Clearly, if the server will use 1000 times this number (Set for 1024K, but
exceeds 1G) this is broken, and it may cause other systems to fail or
perform very poorly.

If it is not something that can be fixed, it should be clearly documented.

work_mem (integer)

Specifies the amount of memory to be used by internal sort
operations and hash tables before switching to temporary disk files.
The value is specified in kilobytes, and defaults to 1024 kilobytes
(1 MB). Note that for a complex query, several sort or hash
operations might be running in parallel; each one will be allowed to
use as much memory as this value specifies before it starts to put
data into temporary files. Also, several running sessions could be
doing such operations concurrently. So the total memory used could
be many times the value of work_mem; it is necessary to keep this
fact in mind when choosing the value. Sort operations are used for
ORDER BY, DISTINCT, and merge joins. Hash tables are used in hash
joins, hash-based aggregation, and hash-based processing of IN
subqueries.

So it says right there that it's very easy to exceed work_mem by a very
large amount. Granted, this is a very painful problem to deal with and
will hopefully be changed at some point, but it's pretty clear as to how
this works.
--
Jim C. Nasby, Sr. Engineering Consultant jnasby@pervasive.com
Pervasive Software http://pervasive.com work: 512-231-6117
vcard: http://jim.nasby.net/pervasive.vcf cell: 512-569-9461

#16Jim C. Nasby
jnasby@pervasive.com
In reply to: Mark Woodward (#9)
Re: PostgreSQL 8.0.6 crash

On Thu, Feb 09, 2006 at 11:42:57AM -0500, Mark Woodward wrote:

"Mark Woodward" <pgsql@mohawksoft.com> writes:

Still, I would say that is is extremly bad behavior for not having
stats, wouldn't you think?

Think of it as a kernel bug.

While I respect your viewpoint that the Linux kernel should not kill an
offending process if the system runs out of memory, I sort of disagree in
that OOM is a disaster preventor. It should be viewed as a last ditch "him
or me" choice the kernel needs to make and it should not get into that
position in the first place.

I've had processes run away on a FreeBSD box before, to the extent of
running entirely out of swap and memory.
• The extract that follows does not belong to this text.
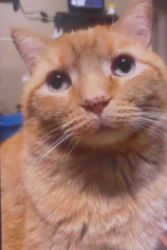Lost Male Cat last seen Niantic il, Harristown, IL 62537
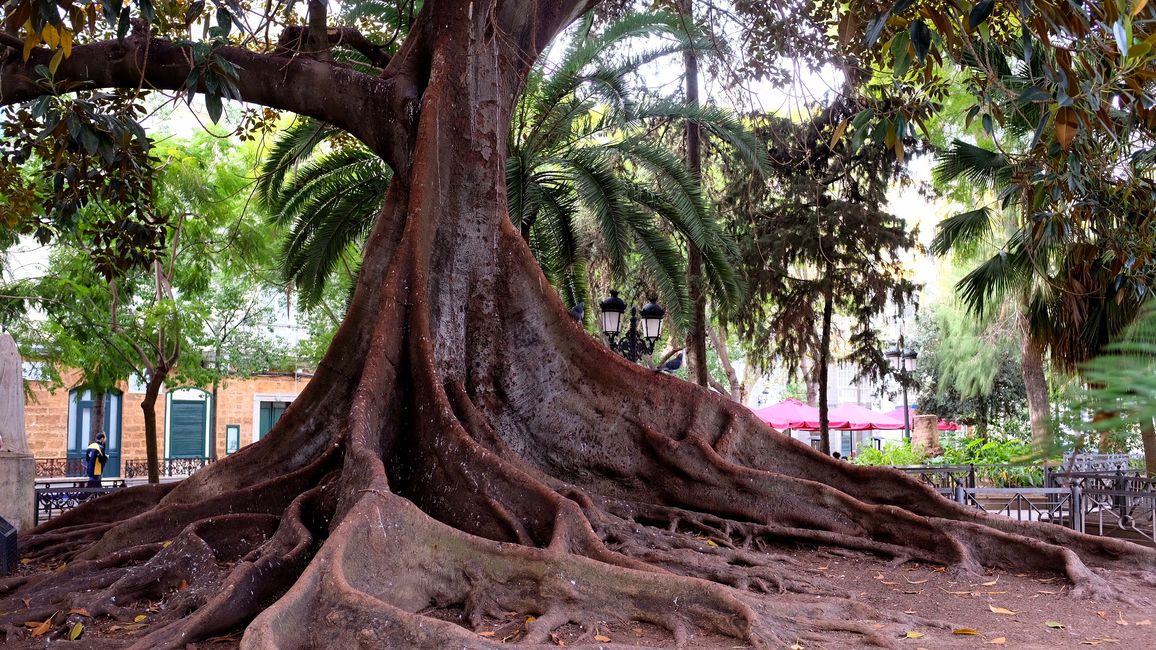 " Plaza de Mina"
Instead of random processes
just dying for no apparent reason, I instead started getting a bunch of
out-of-memory errors. No disaster, I just fixed the problem and life
went on.

Well, ok, the box did become rather unresponsive when my fix for the
problem meant that all the sudden there were about 950 perl processes
trying to run at the same time. I wish I'd captured top showing 900+
runnable processes. But after a few minutes the processes started
completing and exiting and everything was soon back to normal. I rather
doubt Linux would survive that...
--
Jim C. Nasby, Sr. Engineering Consultant jnasby@pervasive.com
Pervasive Software http://pervasive.com work: 512-231-6117
vcard: http://jim.nasby.net/pervasive.vcf cell: 512-569-9461

#17Stephen Frost
sfrost@snowman.net
In reply to: Jim C. Nasby (#15)
Re: PostgreSQL 8.0.6 crash

* Jim C. Nasby (jnasby@pervasive.com) wrote:

On Thu, Feb 09, 2006 at 02:03:41PM -0500, Mark Woodward wrote:

If it is not something that can be fixed, it should be clearly documented.

work_mem (integer)

Specifies the amount of memory to be used by internal sort
operations and hash tables before switching to temporary disk files.
The value is specified in kilobytes, and defaults to 1024 kilobytes
(1 MB). Note that for a complex query, several sort or hash
operations might be running in parallel; each one will be allowed to
use as much memory as this value specifies before it starts to put
data into temporary files. Also, several running sessions could be
doing such operations concurrently. So the total memory used could
be many times the value of work_mem; it is necessary to keep this
fact in mind when choosing the value. Sort operations are used for
ORDER BY, DISTINCT, and merge joins. Hash tables are used in hash
joins, hash-based aggregation, and hash-based processing of IN
subqueries.

So it says right there that it's very easy to exceed work_mem by a very
large amount. Granted, this is a very painful problem to deal with and
will hopefully be changed at some point, but it's pretty clear as to how
this works.

It also says that when it goes over, it'll spill to disk. Additionally,
we're talking about one hash here, not multiple ones. It seems at least
misleading as, if I understand correctly, Postgres isn't actually
actively checking to see if the amount of memory used by an in-progress
hash creation has gone over the limit but rather it guesses at how much
memory will be used during the planning stage to decide if a hash plan
is possible or not. That guess can certainly be wrong but there's
nothing in place to handle the situation where the guess is wrong...

Thanks,

Stephen

#18Greg Stark
gsstark@mit.edu
In reply to: Stephen Frost (#12)
Re: PostgreSQL 8.0.6 crash

Stephen Frost <sfrost@snowman.net> writes:

Unless I've missed something here, disabling the OOM killer doesn't
really solve the problem here.

Well in a way it does. Postgres would get an out-of-memory error from malloc
which it would handle properly and the world would be happy.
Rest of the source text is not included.